- [Work instructions]: Write out the entries below exactly. End with the line that contains "Macro shot of".

- [Data for processing]:
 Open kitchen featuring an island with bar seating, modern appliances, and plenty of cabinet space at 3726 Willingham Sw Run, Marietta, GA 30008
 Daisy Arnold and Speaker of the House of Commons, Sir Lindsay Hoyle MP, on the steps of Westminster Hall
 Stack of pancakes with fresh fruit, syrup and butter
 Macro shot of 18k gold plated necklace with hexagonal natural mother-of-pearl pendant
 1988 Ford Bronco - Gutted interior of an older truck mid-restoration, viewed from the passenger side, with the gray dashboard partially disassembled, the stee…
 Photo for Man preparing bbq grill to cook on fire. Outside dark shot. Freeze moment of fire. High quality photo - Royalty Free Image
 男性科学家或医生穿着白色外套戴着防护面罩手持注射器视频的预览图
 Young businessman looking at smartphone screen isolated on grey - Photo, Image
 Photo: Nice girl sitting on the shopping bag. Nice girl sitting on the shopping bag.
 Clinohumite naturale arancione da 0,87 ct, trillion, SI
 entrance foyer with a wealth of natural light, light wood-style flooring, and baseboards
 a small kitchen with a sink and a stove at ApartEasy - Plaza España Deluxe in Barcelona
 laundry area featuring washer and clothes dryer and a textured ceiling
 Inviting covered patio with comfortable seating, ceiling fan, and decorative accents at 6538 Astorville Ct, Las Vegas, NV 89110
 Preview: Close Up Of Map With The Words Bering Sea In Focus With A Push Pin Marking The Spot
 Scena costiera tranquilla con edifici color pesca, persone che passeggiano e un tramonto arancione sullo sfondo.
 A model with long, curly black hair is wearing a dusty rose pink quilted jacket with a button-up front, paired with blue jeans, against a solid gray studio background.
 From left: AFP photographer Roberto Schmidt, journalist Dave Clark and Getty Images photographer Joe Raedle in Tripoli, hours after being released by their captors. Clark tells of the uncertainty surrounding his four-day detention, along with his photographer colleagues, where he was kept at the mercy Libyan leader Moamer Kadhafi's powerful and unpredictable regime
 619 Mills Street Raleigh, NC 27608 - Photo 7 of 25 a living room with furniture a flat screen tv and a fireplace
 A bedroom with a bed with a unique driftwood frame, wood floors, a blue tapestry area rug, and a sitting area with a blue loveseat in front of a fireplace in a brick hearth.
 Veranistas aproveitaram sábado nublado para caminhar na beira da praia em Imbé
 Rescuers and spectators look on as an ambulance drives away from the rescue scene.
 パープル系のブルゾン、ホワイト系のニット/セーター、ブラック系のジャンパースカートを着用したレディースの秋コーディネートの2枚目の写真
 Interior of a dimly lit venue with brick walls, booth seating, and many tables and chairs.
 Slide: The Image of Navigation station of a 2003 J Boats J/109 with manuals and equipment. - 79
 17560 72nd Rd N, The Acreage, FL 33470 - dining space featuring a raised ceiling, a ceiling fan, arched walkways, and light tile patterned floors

- [Answer section]:
 Open kitchen featuring an island with bar seating, modern appliances, and plenty of cabinet space at 3726 Willingham Sw Run, Marietta, GA 30008
 Daisy Arnold and Speaker of the House of Commons, Sir Lindsay Hoyle MP, on the steps of Westminster Hall
 Stack of pancakes with fresh fruit, syrup and butter
 Macro shot of 18k gold plated necklace with hexagonal natural mother-of-pearl pendant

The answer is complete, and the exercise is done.